The HW put the packets in different buffer pools depending on the size:
short: 64..128
long: 128..1664
jumbo: 1664..9856

Let's skip the jumbo buffer for now and assume we have 4 CPU, the
driver allocates 4 short and 4 long buffers.
Each port has 4 RX queues, and each one uses a short and a long buffer.
With the page_pool api, we have 8 struct page_pool, 4 for the short
and 4 for the long buffers.


> > This means that for every RX queue I call xdp_rxq_info_reg_mem_model() twice,
> > on two different page_pool, can this be a problem?
> >
> > As usual, ideas are welcome.
> >
> > Matteo Croce (2):
> >   mvpp2: use page_pool allocator
> >   mvpp2: memory accounting
> >
> >  drivers/net/ethernet/marvell/Kconfig          |   1 +
> >  drivers/net/ethernet/marvell/mvpp2/mvpp2.h    |   7 +
> >  .../net/ethernet/marvell/mvpp2/mvpp2_main.c   | 142 +++++++++++++++---
> >  3 files changed, 125 insertions(+), 25 deletions(-)
> >
> > --
> > 2.24.1
> >
> Cheers
> /Ilias
>

Bye,

Jesper Dangaard Brouer Dec. 24, 2019, 2 p.m.
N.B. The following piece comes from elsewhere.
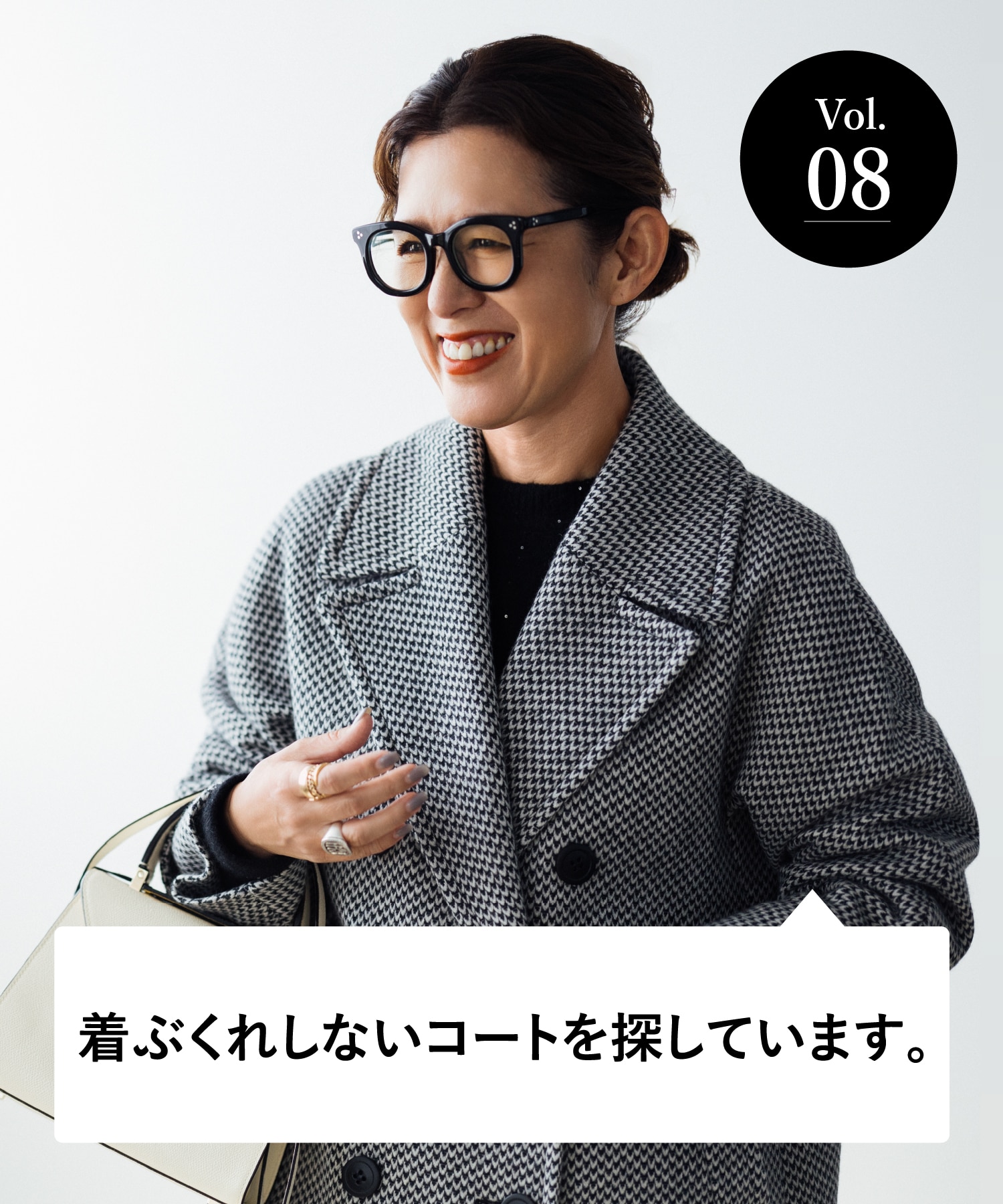 vol.08 大人のオシャレ相談室 みなさまのリアルなお悩みに、大草直子さんがアンサー！ 着ぶくれしないコートを探しています。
UTC | #3

On Tue, 24 Dec 2019 11:52:29 +0200
Ilias Apalodimas <ilias.apalodimas@linaro.org> wrote:

> On Tue, Dec 24, 2019 at 02:01:01AM +0100, Matteo Croce wrote:
> > This patches change the memory allocator of mvpp2 from the frag allocator to
> > the page_pool API. This change is needed to add later XDP support to mvpp2.
> > 
> > The reason I send it as RFC is that with this changeset, mvpp2 performs much
> > more slower. This is the tc drop rate measured with a single flow:
> > 
> > stock net-next with frag allocator:
> > rx: 900.7 Mbps 1877 Kpps
> > 
> > this patchset with page_pool:
> > rx: 423.5 Mbps 882.3 Kpps
> > 
> > This is the perf top when receiving traffic:
> > 
> >   27.68%  [kernel]            [k] __page_pool_clean_page  
> 
> This seems extremly high on the list. 
 
This looks related to the cost of dma unmap, as page_pool have
PP_FLAG_DMA_MAP. (It is a little strange, as page_pool have flag
DMA_ATTR_SKIP_CPU_SYNC, which should make it less expensive).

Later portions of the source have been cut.